Exercise details - Produce again, without any change, the lines running from the one with "A massive tomahawk" through the final line of the data below, and only those.

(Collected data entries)
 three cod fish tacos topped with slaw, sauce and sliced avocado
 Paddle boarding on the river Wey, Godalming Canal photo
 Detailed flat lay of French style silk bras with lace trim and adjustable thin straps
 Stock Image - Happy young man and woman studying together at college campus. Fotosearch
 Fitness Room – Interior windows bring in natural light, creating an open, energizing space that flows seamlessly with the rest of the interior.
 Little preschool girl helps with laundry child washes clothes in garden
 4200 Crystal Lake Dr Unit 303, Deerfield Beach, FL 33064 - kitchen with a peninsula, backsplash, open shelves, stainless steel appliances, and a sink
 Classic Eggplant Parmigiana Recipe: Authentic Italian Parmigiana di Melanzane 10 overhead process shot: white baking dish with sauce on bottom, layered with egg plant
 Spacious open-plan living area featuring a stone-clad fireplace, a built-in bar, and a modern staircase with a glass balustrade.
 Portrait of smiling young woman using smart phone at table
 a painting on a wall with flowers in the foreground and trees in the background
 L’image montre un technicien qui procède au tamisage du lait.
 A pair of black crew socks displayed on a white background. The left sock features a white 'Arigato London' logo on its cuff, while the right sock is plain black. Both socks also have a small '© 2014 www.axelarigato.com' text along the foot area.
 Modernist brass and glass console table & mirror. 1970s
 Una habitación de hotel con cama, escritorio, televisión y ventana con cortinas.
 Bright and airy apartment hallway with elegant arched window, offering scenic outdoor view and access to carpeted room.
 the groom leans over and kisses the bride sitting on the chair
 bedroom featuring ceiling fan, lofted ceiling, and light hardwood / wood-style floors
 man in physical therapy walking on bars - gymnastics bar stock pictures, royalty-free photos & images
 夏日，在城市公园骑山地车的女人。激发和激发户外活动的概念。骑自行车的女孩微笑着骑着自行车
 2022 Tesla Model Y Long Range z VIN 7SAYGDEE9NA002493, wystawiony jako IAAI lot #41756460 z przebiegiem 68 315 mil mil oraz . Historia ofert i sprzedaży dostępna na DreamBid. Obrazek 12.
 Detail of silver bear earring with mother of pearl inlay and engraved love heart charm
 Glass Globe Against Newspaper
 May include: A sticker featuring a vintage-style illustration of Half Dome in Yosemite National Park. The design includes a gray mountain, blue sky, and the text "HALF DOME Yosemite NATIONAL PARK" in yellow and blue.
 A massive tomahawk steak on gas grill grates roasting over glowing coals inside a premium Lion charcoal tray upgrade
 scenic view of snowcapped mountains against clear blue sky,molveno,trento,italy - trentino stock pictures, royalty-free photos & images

Written answer -
 A massive tomahawk steak on gas grill grates roasting over glowing coals inside a premium Lion charcoal tray upgrade
 scenic view of snowcapped mountains against clear blue sky,molveno,trento,italy - trentino stock pictures, royalty-free photos & images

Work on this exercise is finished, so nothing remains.